## WHAT TO PRODUCE
In the listing below, locate the line that contains "Veinage – Image 2" and the line that contains "Painel do Instagram". Restate word for word those two lines and every line between them, and nothing else.

## THE INPUT
● ● ●

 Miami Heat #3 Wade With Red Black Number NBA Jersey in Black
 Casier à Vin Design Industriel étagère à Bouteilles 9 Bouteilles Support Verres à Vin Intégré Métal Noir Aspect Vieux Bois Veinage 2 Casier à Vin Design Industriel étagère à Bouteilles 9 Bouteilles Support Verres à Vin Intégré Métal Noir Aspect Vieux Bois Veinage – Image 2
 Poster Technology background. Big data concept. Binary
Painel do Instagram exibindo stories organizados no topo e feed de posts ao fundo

● ● ●

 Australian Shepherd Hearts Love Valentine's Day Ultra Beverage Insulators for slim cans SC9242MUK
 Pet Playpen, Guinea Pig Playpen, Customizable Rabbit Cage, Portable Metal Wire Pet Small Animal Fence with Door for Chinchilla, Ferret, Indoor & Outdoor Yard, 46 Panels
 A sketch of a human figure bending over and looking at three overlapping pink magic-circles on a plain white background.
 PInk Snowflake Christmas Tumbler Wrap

● ● ●

## RESPONSE TO THE TASK
 Casier à Vin Design Industriel étagère à Bouteilles 9 Bouteilles Support Verres à Vin Intégré Métal Noir Aspect Vieux Bois Veinage 2 Casier à Vin Design Industriel étagère à Bouteilles 9 Bouteilles Support Verres à Vin Intégré Métal Noir Aspect Vieux Bois Veinage – Image 2
 Poster Technology background. Big data concept. Binary
Painel do Instagram exibindo stories organizados no topo e feed de posts ao fundo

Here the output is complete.